─── Dataset content

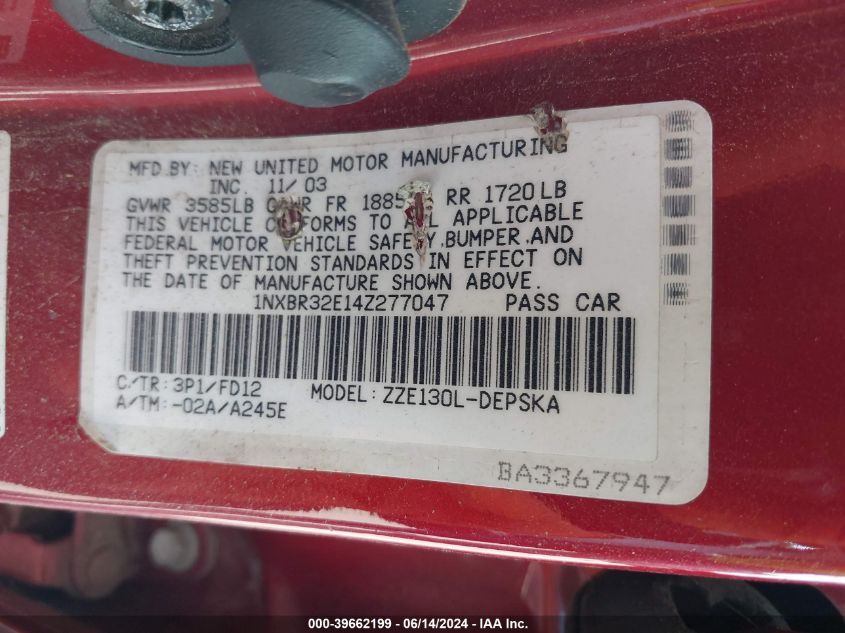 2004 Toyota Corolla S VIN: 1NXBR32E14Z277047 Lot: 39662199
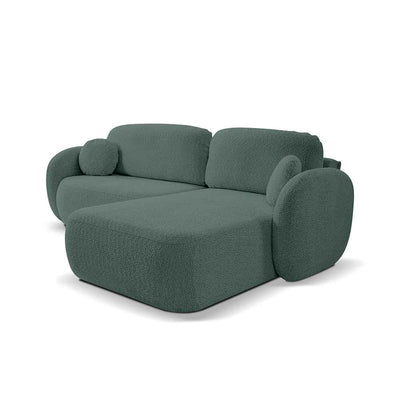 Olemo 4 Seater Corner Sofa Bed, Minimalist Style, Abriamo Fabric – Right-sided, Forest Depth (ABRIAMO 09)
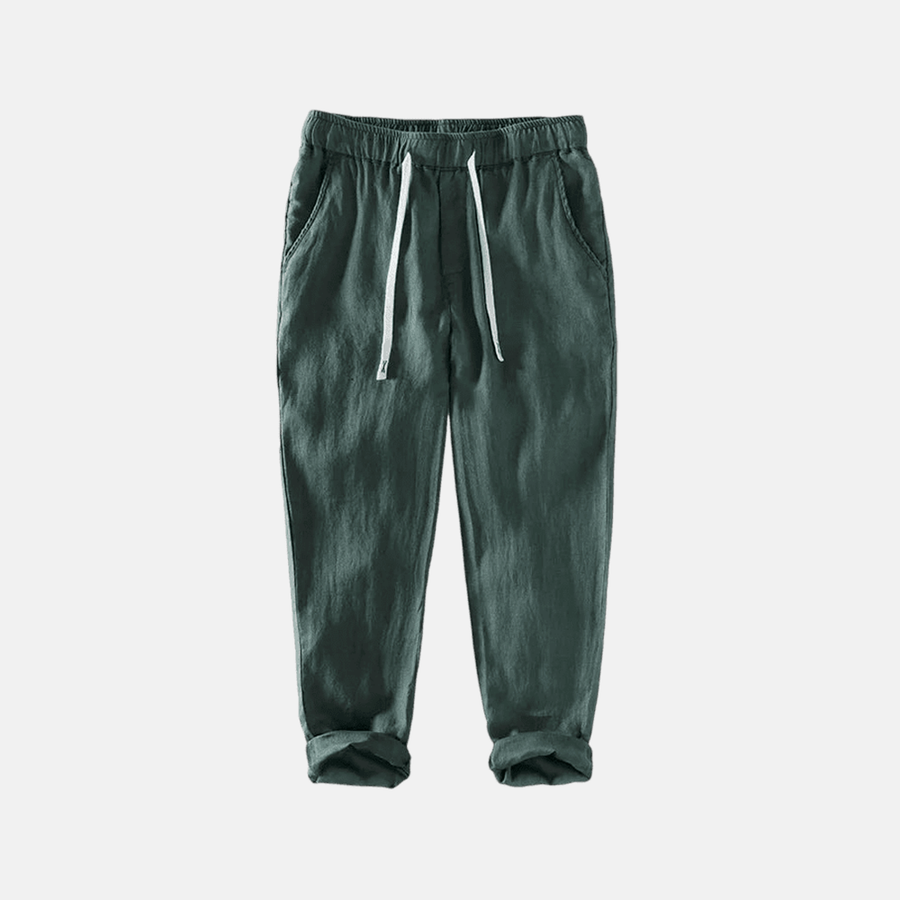 Men's Ischia Drawstring Linen Trousers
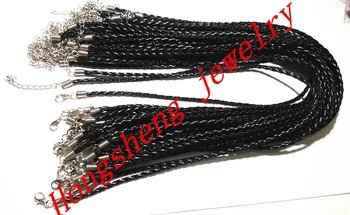 

Wholesale 2.5mm100pcs/lot Black Braided Leather cord Necklace Rope: 45cm+ Chain: 5cm with Lobster Clasp DIY Jewelry Accessories
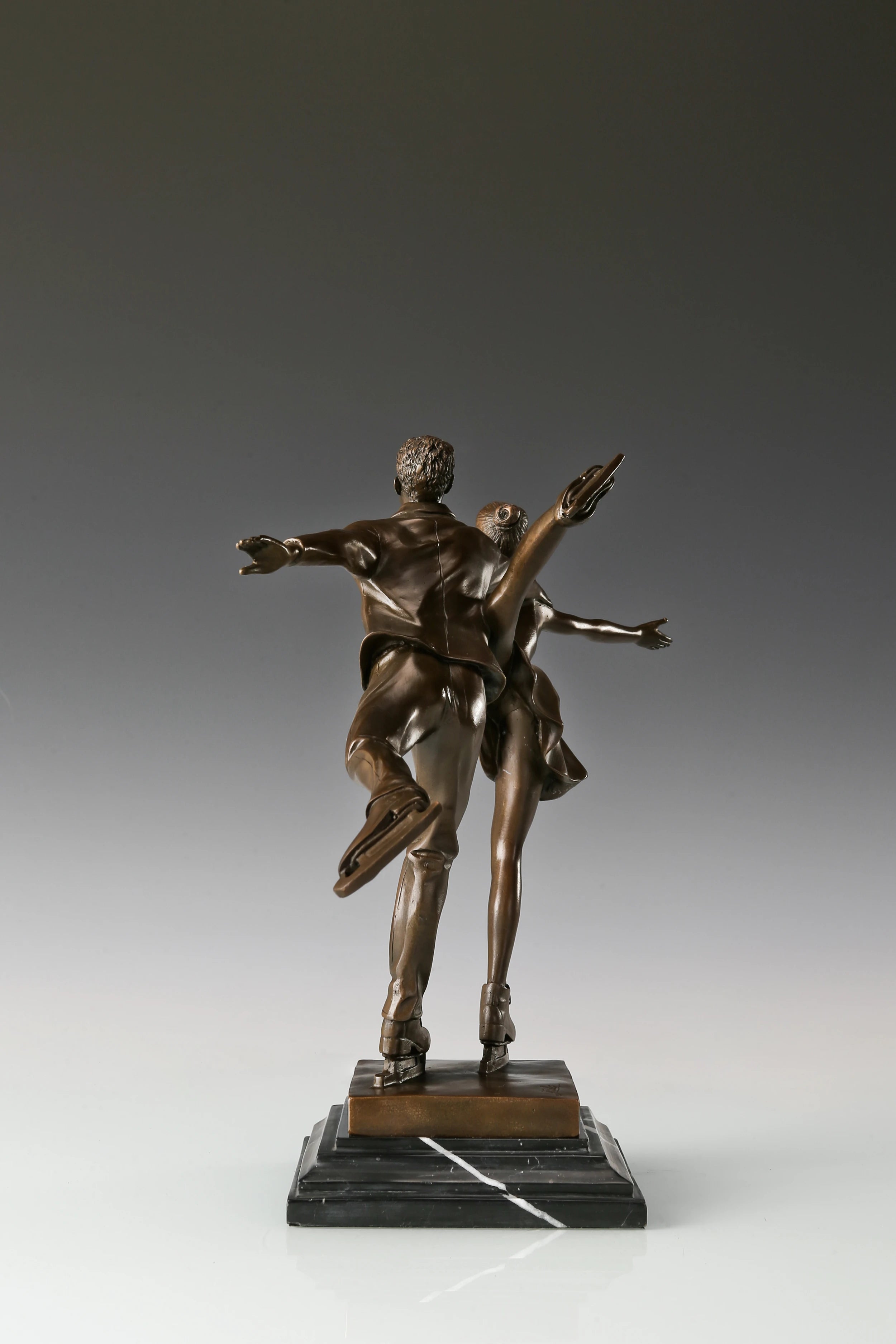 Figure Skating Pair Bronze Sculpture side view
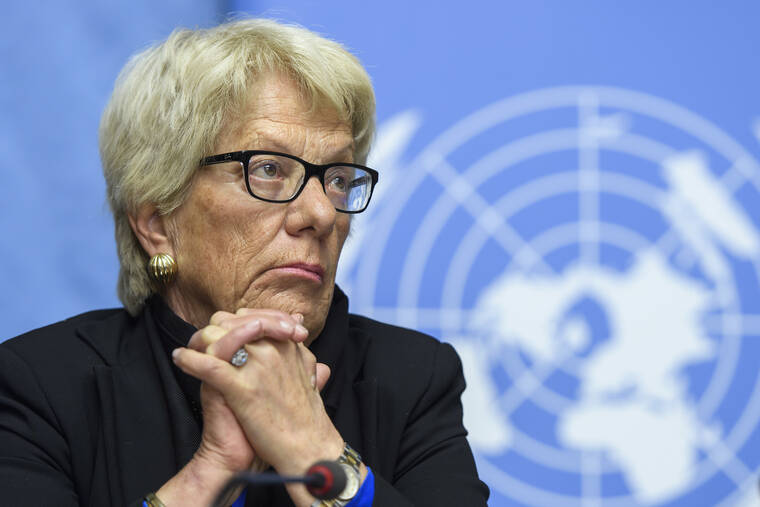KEYSTONE / AP
                                Carla del Ponte, then Member of the Independent Commission of Inquiry on the Syrian Arab Republic, attends a press conference, at the European headquarters of the United Nations in Geneva, Switzerland, Wednesday, March 1, 2017.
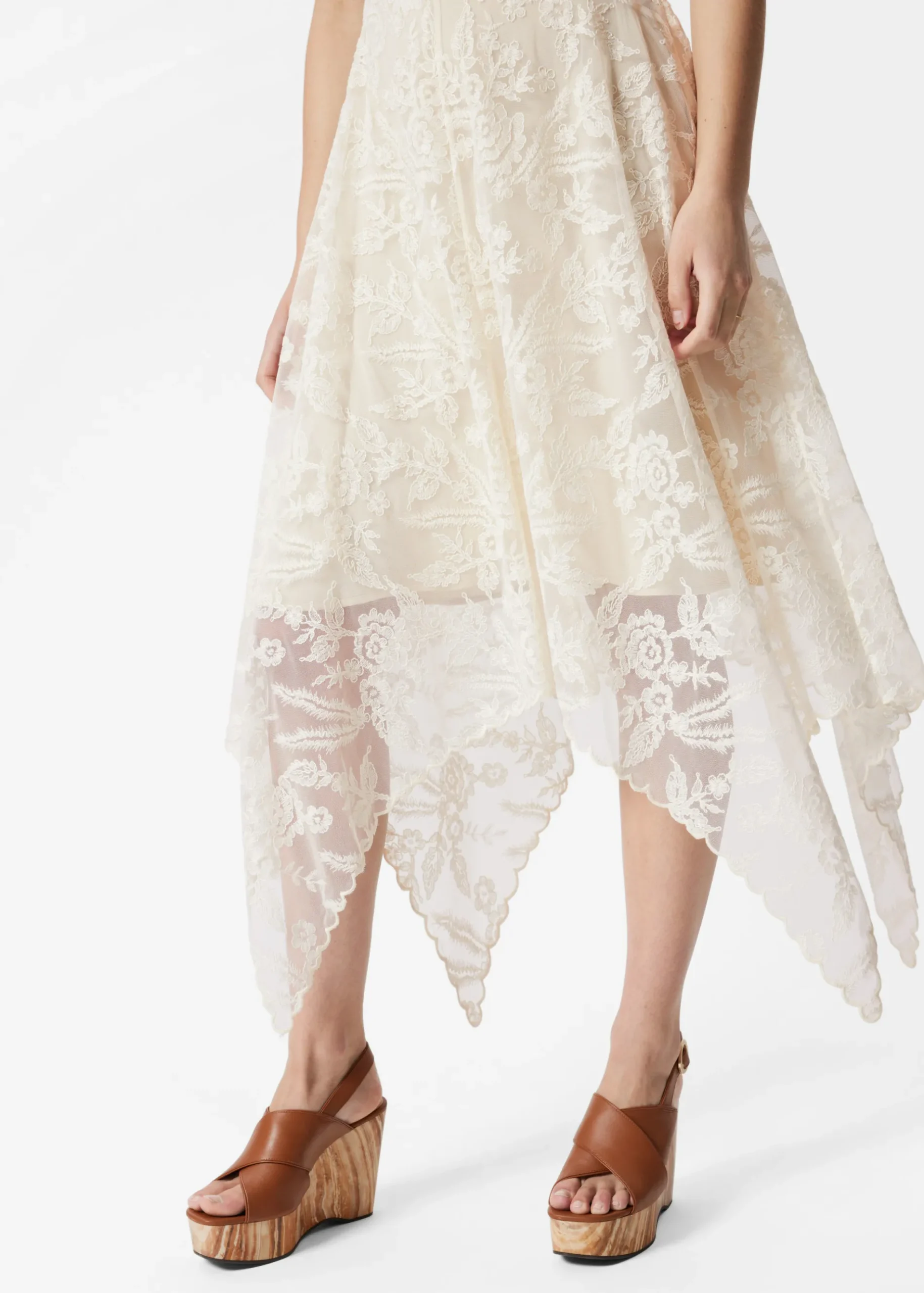 & Other Stories Midikleid aus Spitze mit V-Ausschnitt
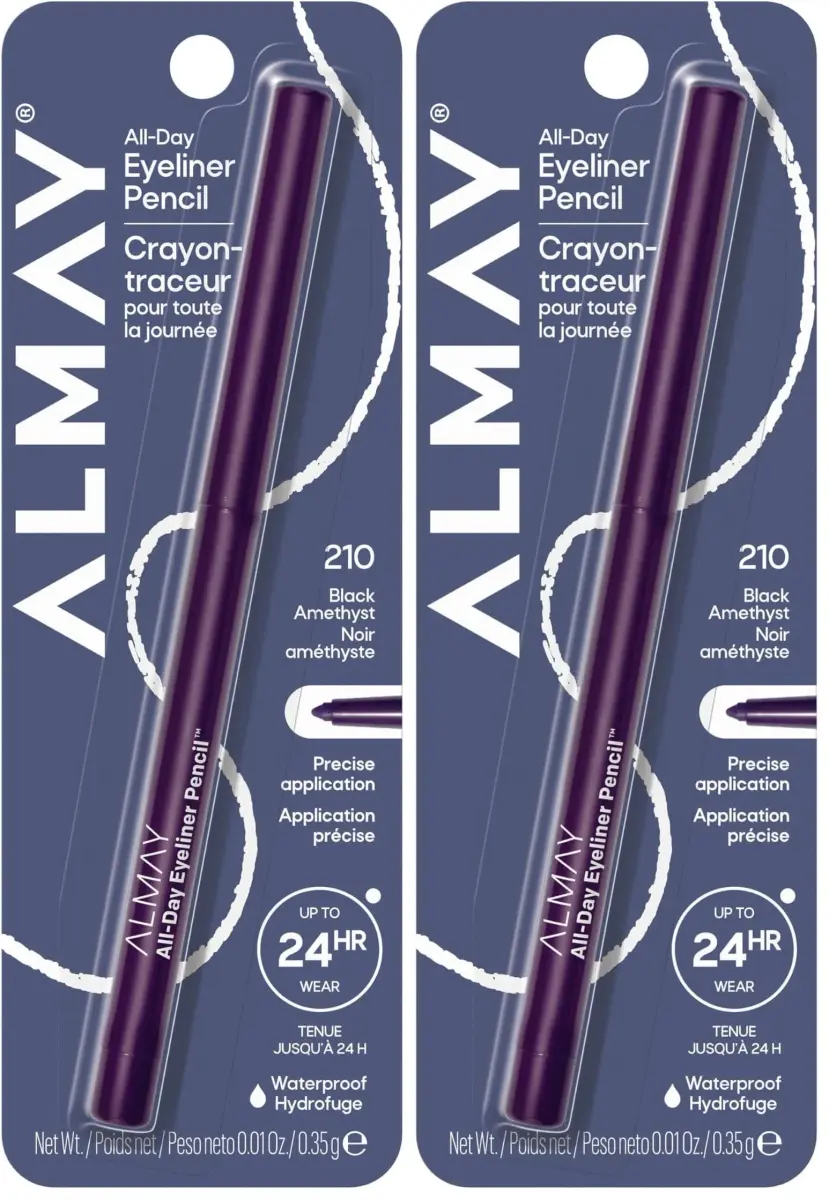 Almay All-Day Eyeliner Pencil, 210 Black Amethyst - Waterproof Matte Finish - main product image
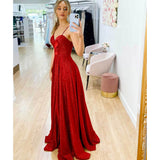 Burgundy Evening Dresses for Weddings Sequined Dress Large Swing Dress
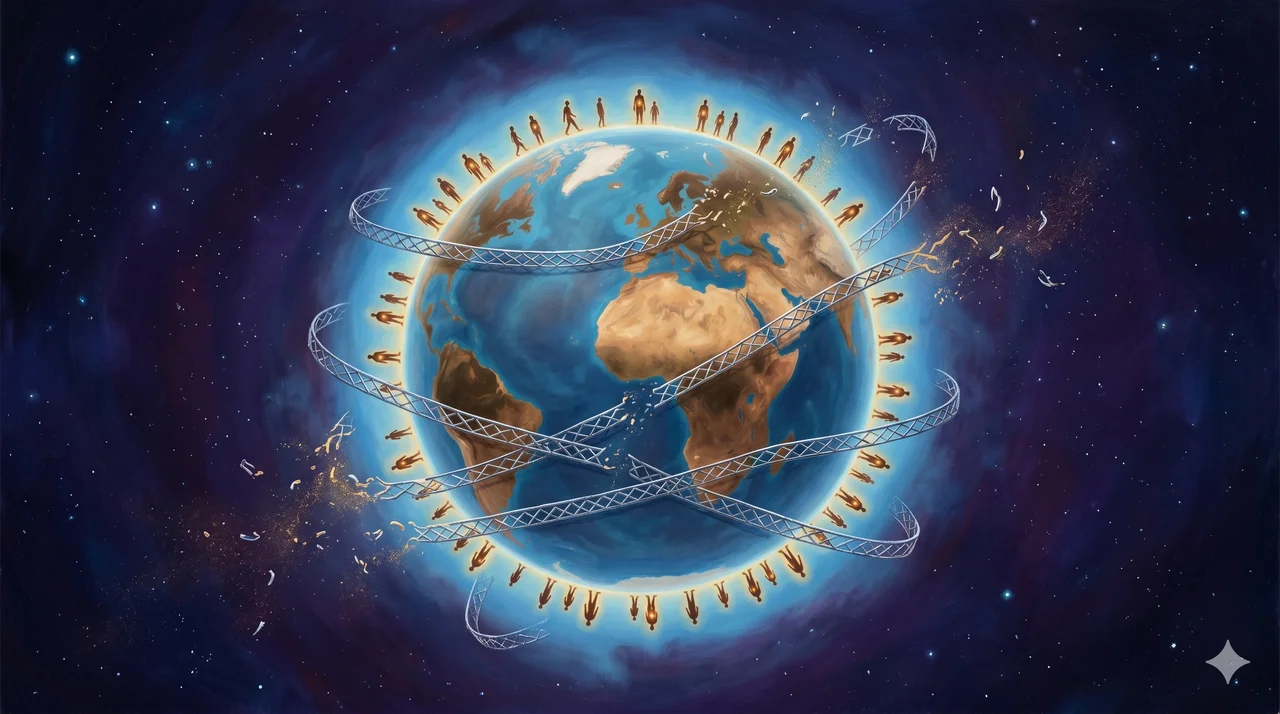 A stylized allegorical painting of Earth viewed from space wrapped in faint chains and overlay grids, with warm human silhouettes held behind the cold geometric lattice as the chains begin to loosen
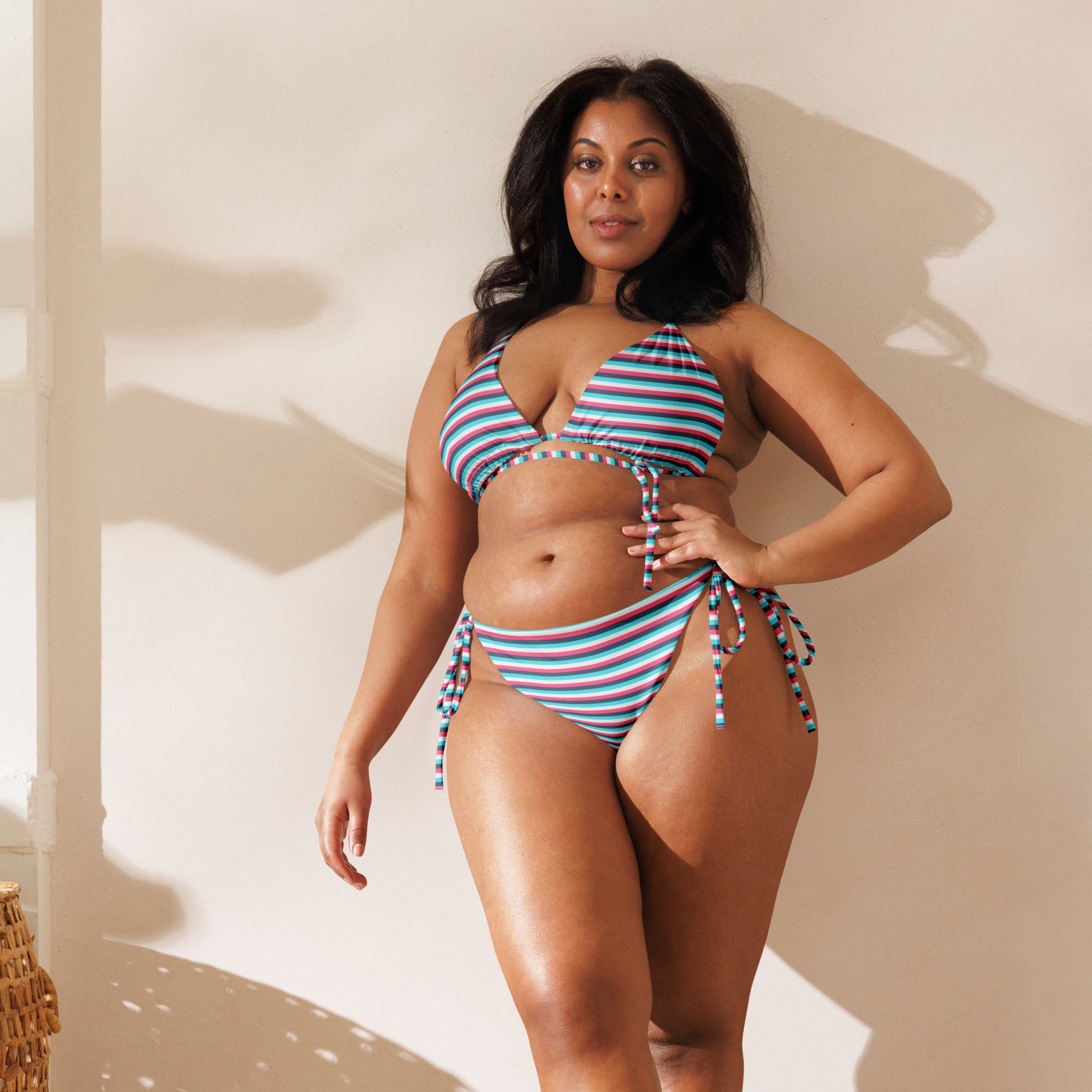 Recycled Colorful Striped String Bikini IV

──────

**Task item**
Only the lines from the start of the records to the line with "Burgundy Evening Dresses" belong in the copy. Print them exactly, minus pictures.

**Answer space**
 2004 Toyota Corolla S VIN: 1NXBR32E14Z277047 Lot: 39662199
 Olemo 4 Seater Corner Sofa Bed, Minimalist Style, Abriamo Fabric – Right-sided, Forest Depth (ABRIAMO 09)
 Men's Ischia Drawstring Linen Trousers

Wholesale 2.5mm100pcs/lot Black Braided Leather cord Necklace Rope: 45cm+ Chain: 5cm with Lobster Clasp DIY Jewelry Accessories
 Figure Skating Pair Bronze Sculpture side view
KEYSTONE / AP
                                Carla del Ponte, then Member of the Independent Commission of Inquiry on the Syrian Arab Republic, attends a press conference, at the European headquarters of the United Nations in Geneva, Switzerland, Wednesday, March 1, 2017.
 & Other Stories Midikleid aus Spitze mit V-Ausschnitt
 Almay All-Day Eyeliner Pencil, 210 Black Amethyst - Waterproof Matte Finish - main product image
 Burgundy Evening Dresses for Weddings Sequined Dress Large Swing Dress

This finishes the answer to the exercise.